Jasper Jang, co-founder of Hyperbolic, describes how frustration over limited GPU access led to building Hyperbolic, an on-demand AI cloud for developers.
The conversation shifts from Hyperbolic to Jasper's experience with Math Olympiads and recent AI achievements.
Both DeepMind and OpenAI have recently claimed gold medal-level performance at the International Mathematical Olympiad (IMO).
OpenAI's announcement came via social media, while DeepMind required additional verification from the competition organizers before confirming their results.
OpenAI did not officially participate; instead, they used IMO problems and had their solutions reviewed by former IMO medalists.
DeepMind's claim was officially verified by the competition.
IMO is a prestigious high school mathematics competition focused on combinatorics, number theory, geometry, and algebra, emphasizing problem solving over advanced knowledge.
Achieving gold medal level in IMO is considered a major milestone for AI, indicating advanced reasoning abilities.
Last year, DeepMind's approach with formal verification systems like Lean achieved a silver medal; this year, both Google and OpenAI succeeded with language model (LM) reasoning, moving away from formal proof languages.
Previous AI solutions could take up to 60 hours for some problems, far exceeding the human time limit of 4.5 hours; recent advances have dramatically reduced solution time.
Different IMO problems test varied skills: problem one often focuses on combinatorial geometry and case analysis, which AI models managed to solve using reduction strategies.
AI solutions sometimes approach problems differently from humans but can still produce valid answers.
While IMO tests logical problem solving, it does not evaluate deeper mathematical creativity or capability in advanced research.
The most difficult (sixth) problem usually remains unsolved by both AI and many humans, primarily requiring higher-level creativity and experimentation.
Past bench-marking shows AI struggles most with combinatorial creativity and constructing counterexamples.
Limitations of Current AI and Benchmark Improvements 15:00
Current benchmarks focus on competition problems and do not comprehensively evaluate true mathematical ability, such as conjecture formulation or advanced creativity.
Jasper is involved in a project to create a new, more holistic benchmark, breaking down mathematical expertise into categories: knowledge and understanding, problem solving and communication, learning/meta-skills, creativity, and intuition.

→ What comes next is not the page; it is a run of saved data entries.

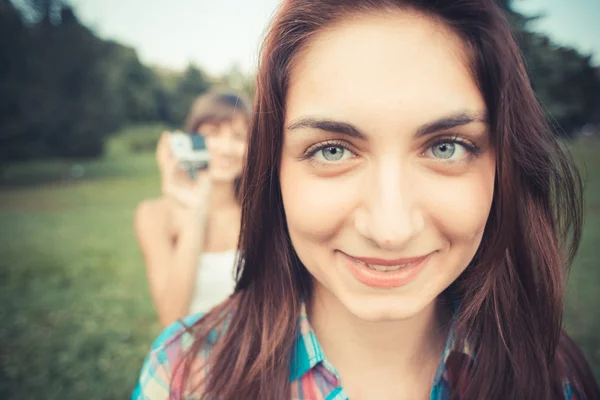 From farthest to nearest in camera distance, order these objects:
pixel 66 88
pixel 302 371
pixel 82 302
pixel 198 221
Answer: pixel 66 88
pixel 82 302
pixel 198 221
pixel 302 371

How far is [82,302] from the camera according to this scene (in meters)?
4.88

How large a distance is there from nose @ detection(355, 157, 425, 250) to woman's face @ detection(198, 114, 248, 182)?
167 cm

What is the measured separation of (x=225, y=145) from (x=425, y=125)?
5.83ft

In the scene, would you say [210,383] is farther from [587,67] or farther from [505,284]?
[587,67]

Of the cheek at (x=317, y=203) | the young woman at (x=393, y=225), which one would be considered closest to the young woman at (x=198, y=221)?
the young woman at (x=393, y=225)

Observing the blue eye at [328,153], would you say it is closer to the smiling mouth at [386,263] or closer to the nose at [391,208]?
the nose at [391,208]

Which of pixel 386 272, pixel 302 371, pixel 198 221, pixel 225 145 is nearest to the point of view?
pixel 386 272

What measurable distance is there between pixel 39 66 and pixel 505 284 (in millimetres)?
17842

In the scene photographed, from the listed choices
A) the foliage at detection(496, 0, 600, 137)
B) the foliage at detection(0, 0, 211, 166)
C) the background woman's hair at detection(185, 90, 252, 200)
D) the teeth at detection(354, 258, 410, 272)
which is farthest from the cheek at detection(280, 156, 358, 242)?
the foliage at detection(0, 0, 211, 166)

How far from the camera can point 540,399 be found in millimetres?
1056

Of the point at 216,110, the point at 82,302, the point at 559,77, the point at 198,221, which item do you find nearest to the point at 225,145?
the point at 216,110

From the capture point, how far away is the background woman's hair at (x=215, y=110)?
2.42 metres

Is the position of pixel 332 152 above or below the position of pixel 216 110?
below

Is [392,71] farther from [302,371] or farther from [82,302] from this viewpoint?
[82,302]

Collaboration between mathematicians and AI researchers is emphasized as key to developing effective measures and reward functions for creativity.
Lean, Natural Language, and Proof Verification 23:29
AI models can approach mathematical proofs either with natural language or formal systems like Lean.
Natural language outputs are easier to generate and interpret but harder to verify.
Formal systems like Lean offer clearer verification but currently lack large training datasets.
Both approaches are expected to advance, with parallel efforts in expanding Lean data and in improving language model capabilities.
There are ongoing projects, such as Kevin Buzzard's attempt to formalize the proof of Fermat's Last Theorem in Lean.
Breakthroughs and Scaling in AI Math Performance 27:21
There is speculation about the nature of the breakthroughs achieved by OpenAI and DeepMind, with mentions of larger-scale training, better data, and advances in multi-step reasoning (e.g., parallel idea exploration, improved reinforcement learning).
Significant performance gains, such as reducing solution time from 60 hours to under 4 hours, suggest more than just scaling—new ideas for efficiency and reasoning are likely involved.
Recent Gemini model tests showed that both curated and non-curated versions achieved high performance, strengthening confidence in results.
Future Directions and Milestones for AI in Mathematics 31:32
Current benchmarks are compared to exams; the real test for math-capable AI is making breakthroughs in genuine open problems.
The ultimate aspiration is for an AI to generate new mathematical theories or solve long-standing open problems, potentially winning a Fields Medal (the highest prize in mathematics).
The conversation closes with an invitation to further explore and solve IMO problems together.